*Exercise requirements*:
Reproduce exactly the final portion of the data: every line from the one containing "Soodne ergonoomiline kontoritool massaažiga kuni 150 kg |" through the last line, inclusive.

[Stored dataset items]
◇ ◇ ◇ ◇ ◇ ◇ ◇

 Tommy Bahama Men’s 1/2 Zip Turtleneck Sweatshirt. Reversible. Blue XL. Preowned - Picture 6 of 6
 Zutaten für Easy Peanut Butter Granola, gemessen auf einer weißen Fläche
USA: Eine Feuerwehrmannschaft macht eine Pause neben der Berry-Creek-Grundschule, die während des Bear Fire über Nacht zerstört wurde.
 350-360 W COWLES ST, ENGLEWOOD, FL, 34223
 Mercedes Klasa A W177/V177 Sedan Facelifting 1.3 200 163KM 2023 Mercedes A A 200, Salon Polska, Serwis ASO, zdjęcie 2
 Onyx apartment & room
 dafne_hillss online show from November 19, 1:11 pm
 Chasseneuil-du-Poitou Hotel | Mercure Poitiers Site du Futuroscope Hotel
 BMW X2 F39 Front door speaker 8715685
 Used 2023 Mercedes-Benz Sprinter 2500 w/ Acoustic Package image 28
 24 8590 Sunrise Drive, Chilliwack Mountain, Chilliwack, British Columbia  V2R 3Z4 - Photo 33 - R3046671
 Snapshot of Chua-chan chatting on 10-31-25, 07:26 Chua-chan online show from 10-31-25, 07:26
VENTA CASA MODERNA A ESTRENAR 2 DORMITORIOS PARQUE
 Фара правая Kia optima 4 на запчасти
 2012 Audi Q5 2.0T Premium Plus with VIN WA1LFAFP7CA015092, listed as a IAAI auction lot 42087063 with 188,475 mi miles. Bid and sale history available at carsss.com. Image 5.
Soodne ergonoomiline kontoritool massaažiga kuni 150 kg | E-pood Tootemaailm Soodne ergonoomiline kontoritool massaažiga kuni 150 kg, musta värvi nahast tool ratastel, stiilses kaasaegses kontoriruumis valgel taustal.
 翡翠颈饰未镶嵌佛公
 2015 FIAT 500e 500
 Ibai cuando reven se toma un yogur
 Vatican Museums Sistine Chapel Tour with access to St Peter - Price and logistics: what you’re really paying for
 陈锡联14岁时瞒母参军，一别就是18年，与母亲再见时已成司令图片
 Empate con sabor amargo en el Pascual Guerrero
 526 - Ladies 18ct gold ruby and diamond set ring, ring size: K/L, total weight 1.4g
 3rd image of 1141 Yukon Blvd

◇ ◇ ◇ ◇ ◇ ◇ ◇

*Response area*:
Soodne ergonoomiline kontoritool massaažiga kuni 150 kg | E-pood Tootemaailm Soodne ergonoomiline kontoritool massaažiga kuni 150 kg, musta värvi nahast tool ratastel, stiilses kaasaegses kontoriruumis valgel taustal.
 翡翠颈饰未镶嵌佛公
 2015 FIAT 500e 500
 Ibai cuando reven se toma un yogur
 Vatican Museums Sistine Chapel Tour with access to St Peter - Price and logistics: what you’re really paying for
 陈锡联14岁时瞒母参军，一别就是18年，与母亲再见时已成司令图片
 Empate con sabor amargo en el Pascual Guerrero
 526 - Ladies 18ct gold ruby and diamond set ring, ring size: K/L, total weight 1.4g
 3rd image of 1141 Yukon Blvd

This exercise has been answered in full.